Here’s a manifesting tweak for you:
“I haven’t managed yet” only requires a small change to “I am managing” and you’re well on your way to the goal. You can and you will.
Hi Slade,
Oops! I didn’t mean to send you off on a wild-goose chase for my name; I usually sign with “MT” but apparently left it off this time. (The anonymity will fall away when it’s, but I’m still having too much fun with it)
But you’re welcome for the story, and thanks for the reminder to watch wording! There’s a reason I used the wording I did, which I didn’t realize until I saw your suggestion. Awareness is a good thing; thank you : )
MT
Great article, thank you.I feel like you’ve just provided two very important parts of my puzzle today, with two of your articles.
No surprise there!
Much joy,
KL
Hi Slade,
Really interesting post. I’m an aspiring author, and seem to be getting pushed more and more away from traditional publishing and toward self-publishing, though it scares me. I was wondering what you thought of online serial novels, like Aaron Powell has done (and is doing again). I’d love to hear your thoughts on this.
Clare,
Your question about online fiction is one of the best I’ve received in a long time — so good in fact that I found in composing a reply to your comment that my thoughts on the subject requires a post of its own.
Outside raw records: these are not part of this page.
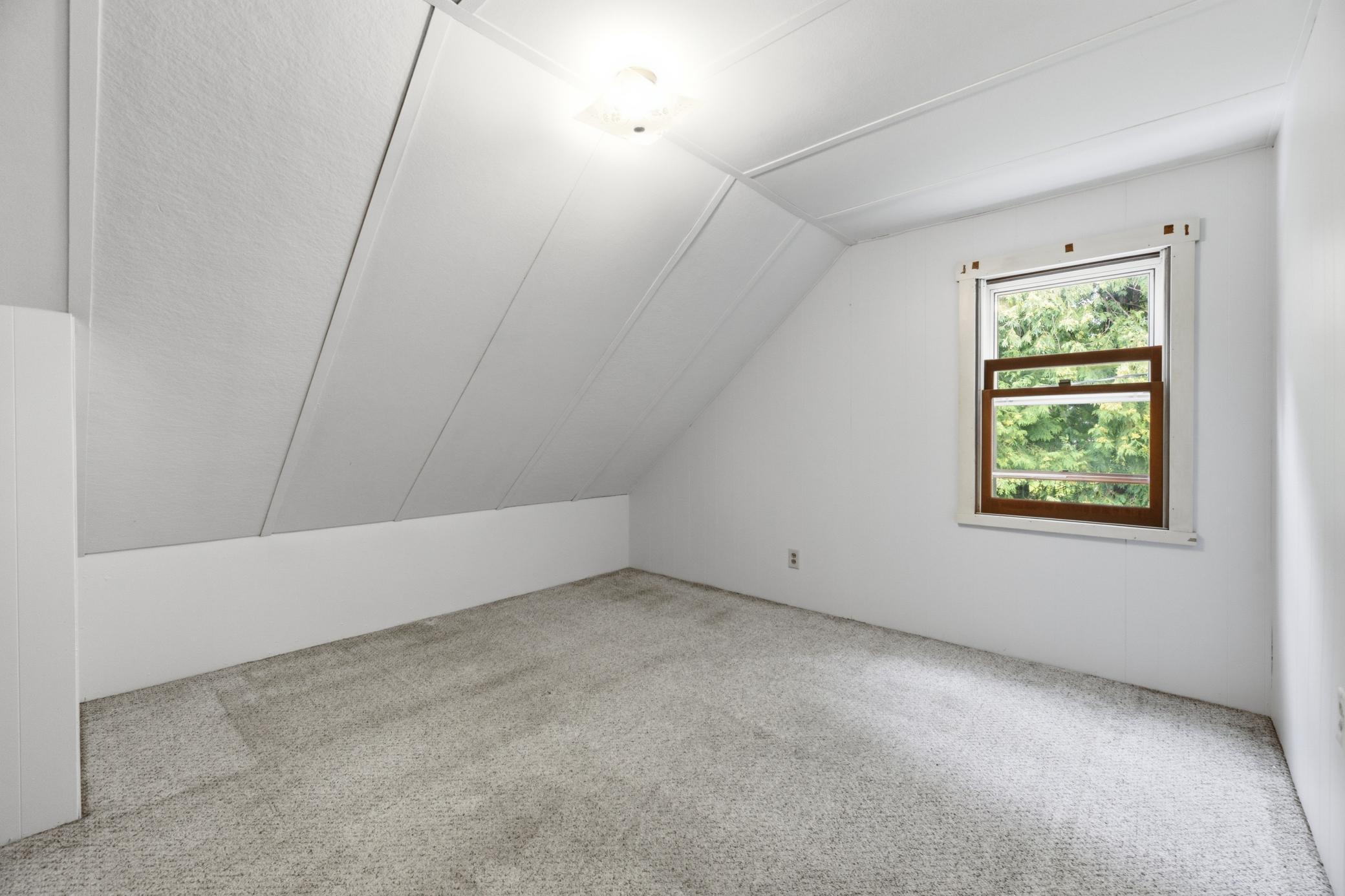 1109 S 2nd Street Property Photo 16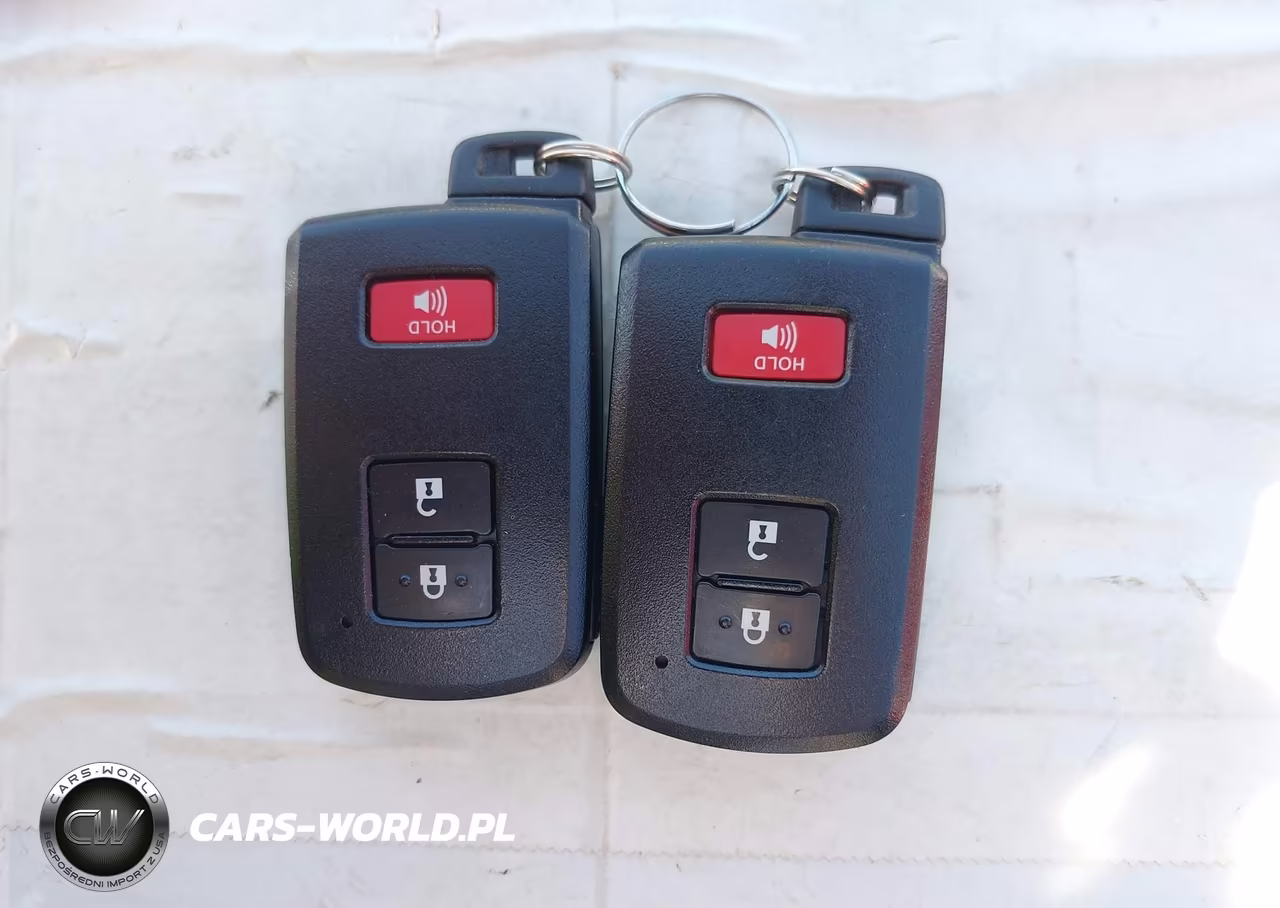 2015 Toyota Prius C Three VIN:JTDKDTB34F1105536 - 11
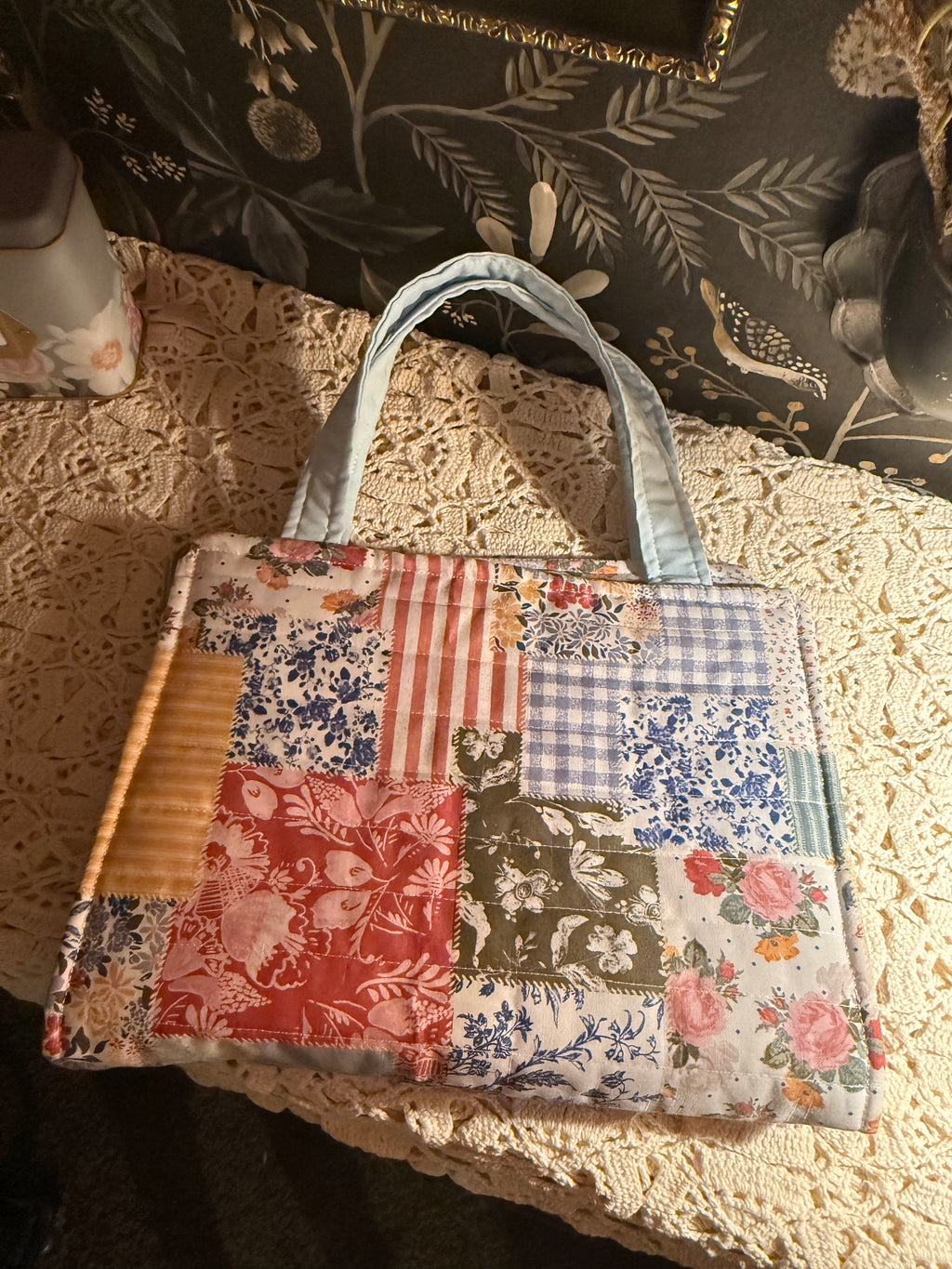 Quilted Picnic Bible Sleeve Tote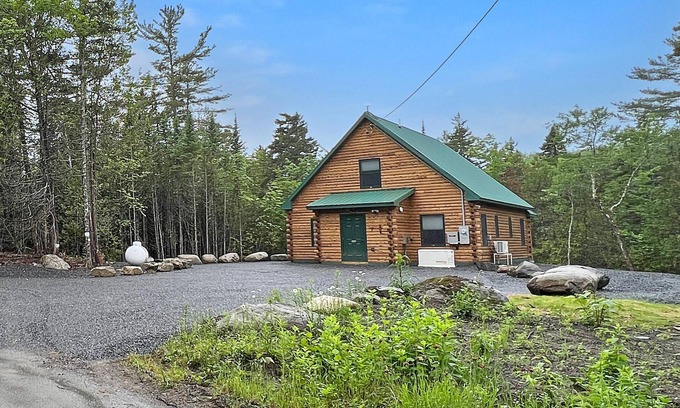 Shirley Mills Cabina | Heaven on the River (Direct ATV/Snowmobile Trail Access!)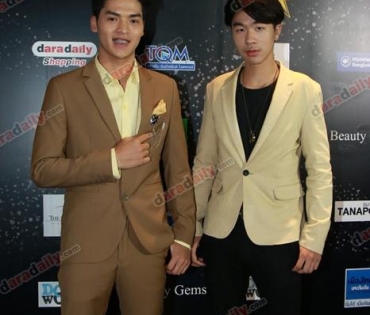 เหล่าดาราตบเท้าเดิน Black carpet งานประกาศรางวัล daradaily Awards ครั้งที่ 8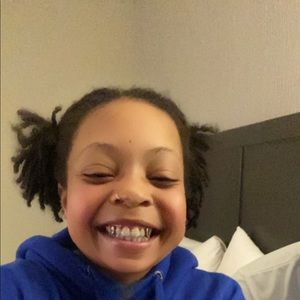 Meet your Posher, Mandisa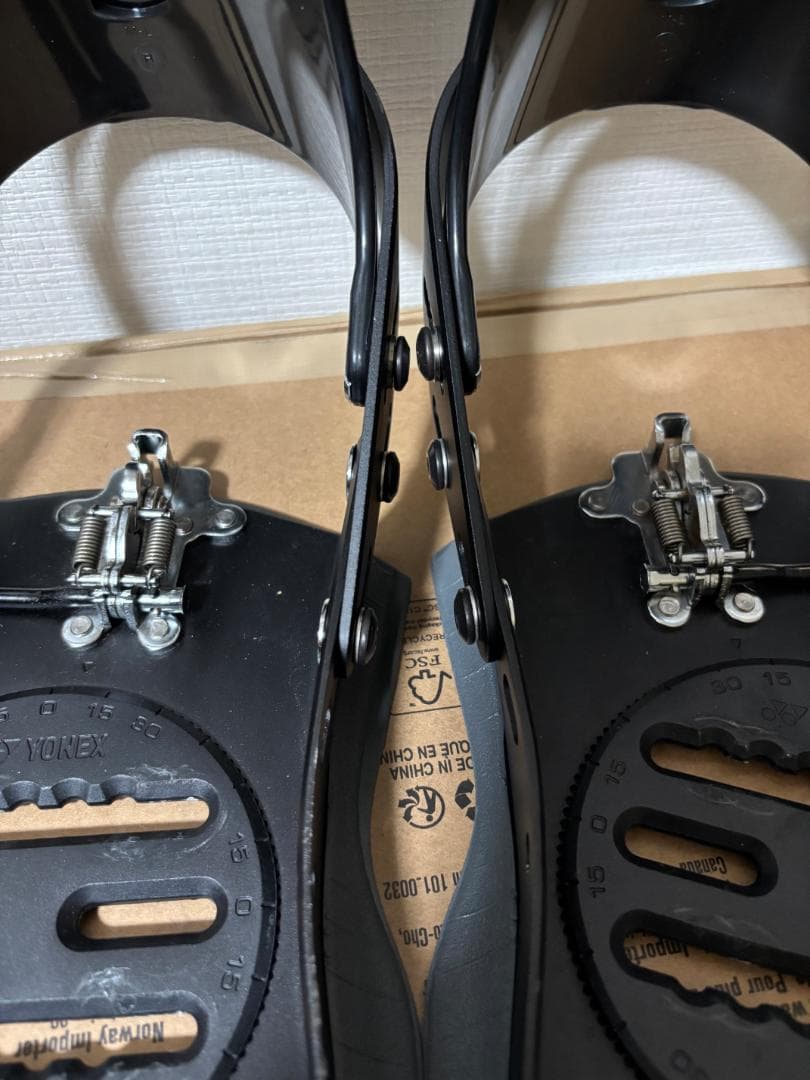 AERIO AB 28cm Accubladeアキュブレード YONEX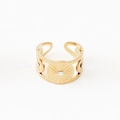 Détail d'une bague ouverte plaquée or 14K avec design ajouré et motifs soleil en zircon - Ouvert Réglable / Feuille de Lotus Dorée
Please stay tuned — I have TONS to say about it, actually, more than I realized…
Great! I was kind of hoping that would happen… it does seem to happen to you a lot. And I feel all special now! I’ll wait patiently for the post…
Hi again Slade,
I thought you might be interested (I’m delighted and fascinated!) to know that there are actually a lot of people doing a similar thing, and at least one making a living at it.